» Aim of the task:
Under this line are records; the part from the line containing "被狗咬了沒破皮沒出血怎么辦?狗狗咬破皮膚表層要打針嗎?" through the line containing "Primo Clair Monthly/Primo" should be repeated exactly. Please exclude pictures.

» Input data:
"""
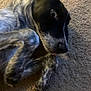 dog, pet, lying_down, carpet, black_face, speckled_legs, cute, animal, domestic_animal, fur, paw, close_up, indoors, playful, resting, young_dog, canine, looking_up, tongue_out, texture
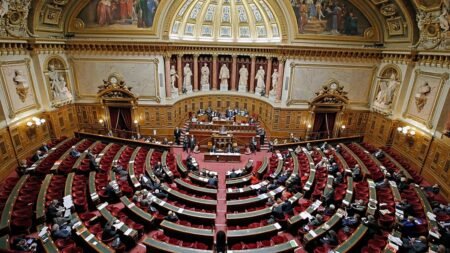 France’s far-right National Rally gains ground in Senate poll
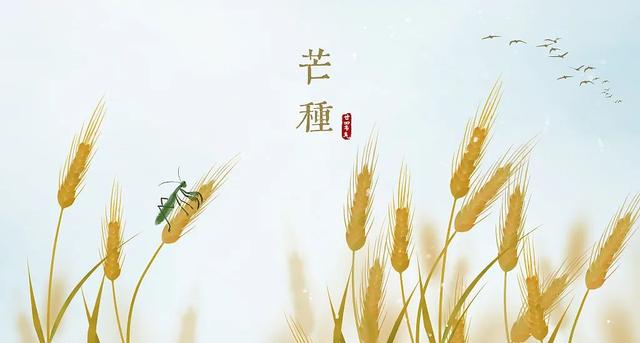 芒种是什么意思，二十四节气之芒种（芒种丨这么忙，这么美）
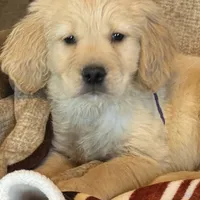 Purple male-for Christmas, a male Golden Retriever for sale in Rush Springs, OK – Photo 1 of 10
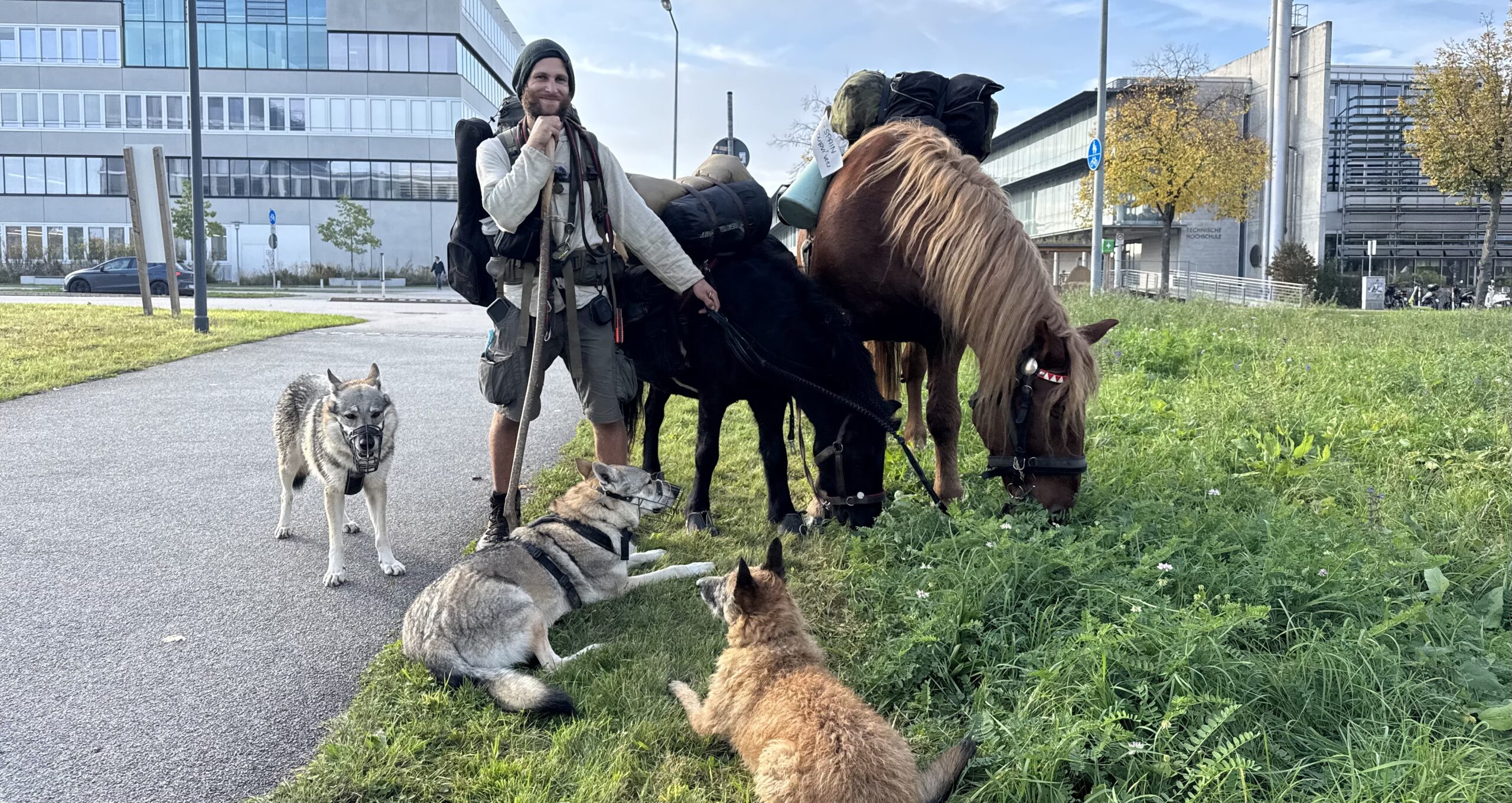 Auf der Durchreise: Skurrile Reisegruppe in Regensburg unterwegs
"""
"""
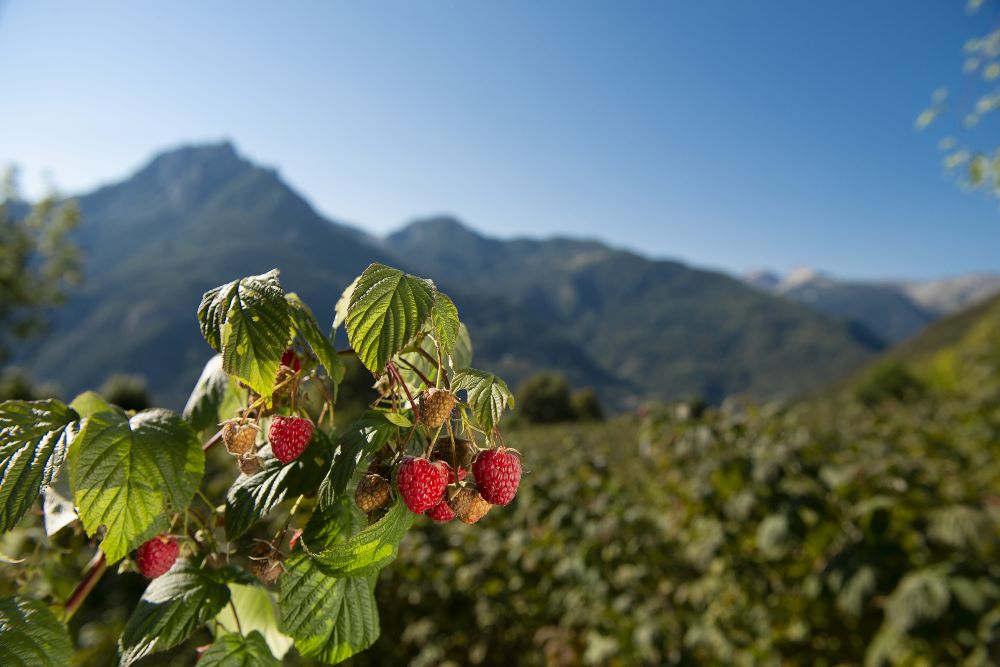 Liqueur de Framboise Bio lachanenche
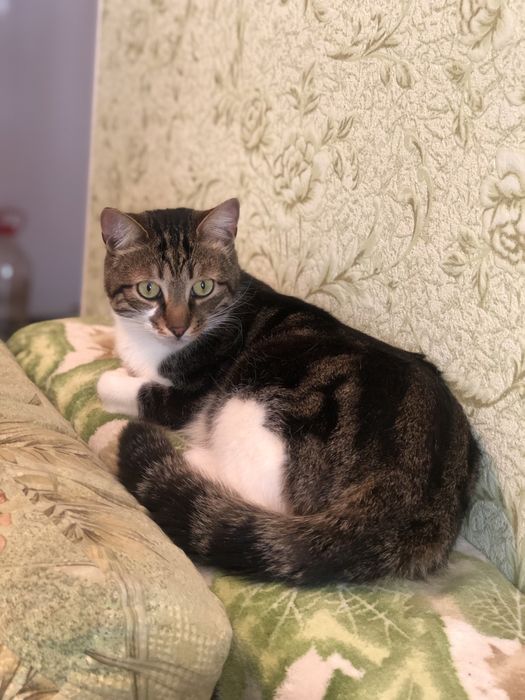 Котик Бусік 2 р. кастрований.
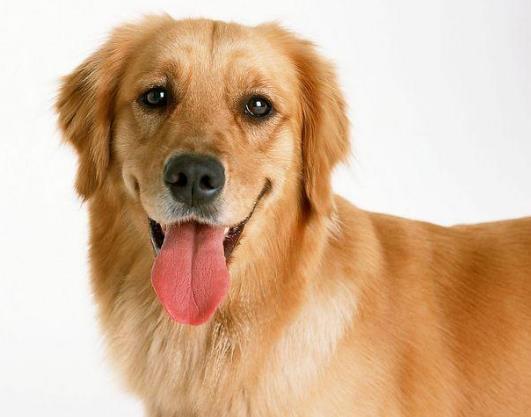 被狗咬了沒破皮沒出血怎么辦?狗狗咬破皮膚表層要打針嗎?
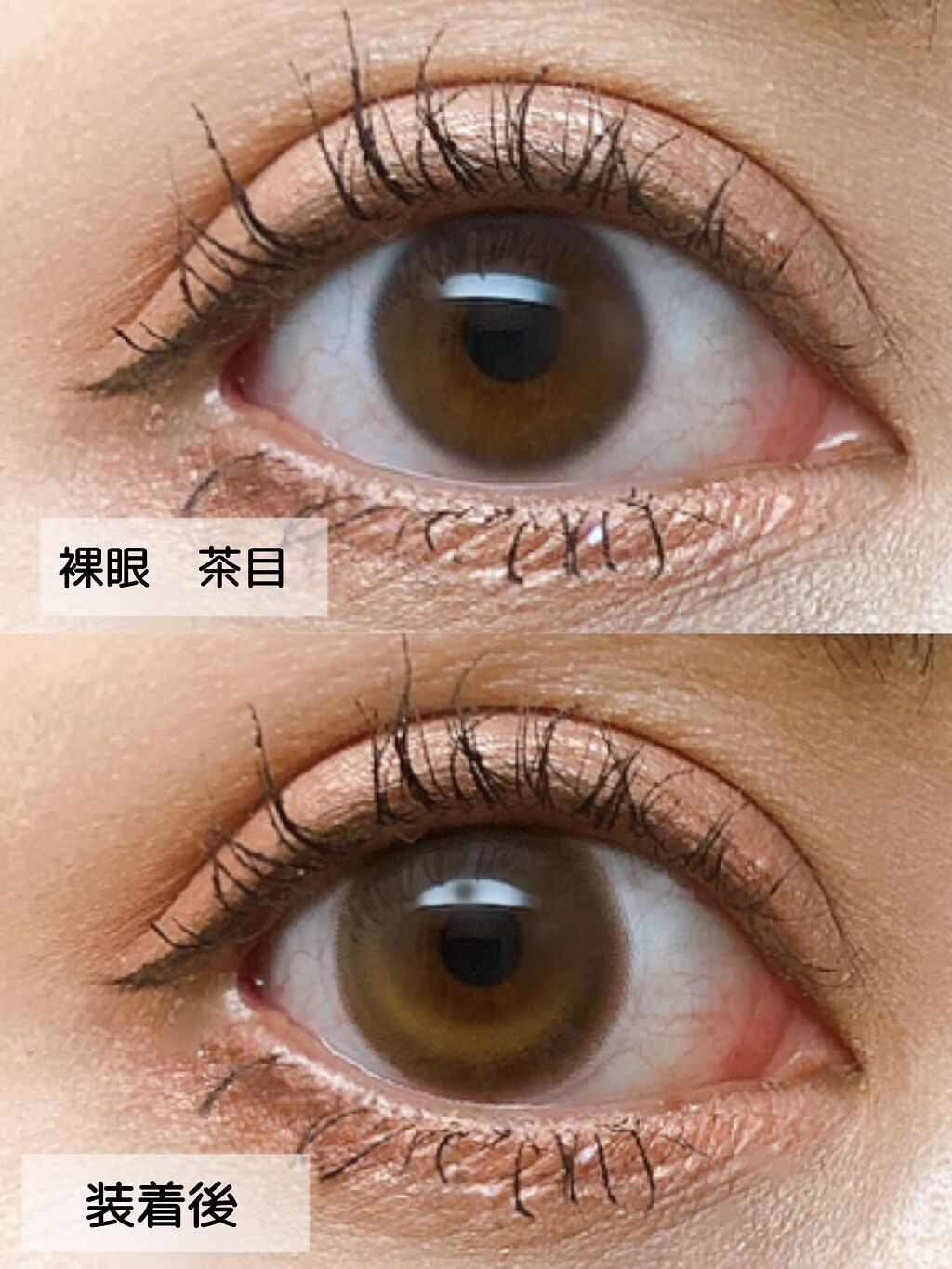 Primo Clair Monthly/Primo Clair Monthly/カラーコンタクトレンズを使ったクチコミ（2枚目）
"""
» Response for this exercise:
 被狗咬了沒破皮沒出血怎么辦?狗狗咬破皮膚表層要打針嗎?
 Primo Clair Monthly/Primo Clair Monthly/カラーコンタクトレンズを使ったクチコミ（2枚目）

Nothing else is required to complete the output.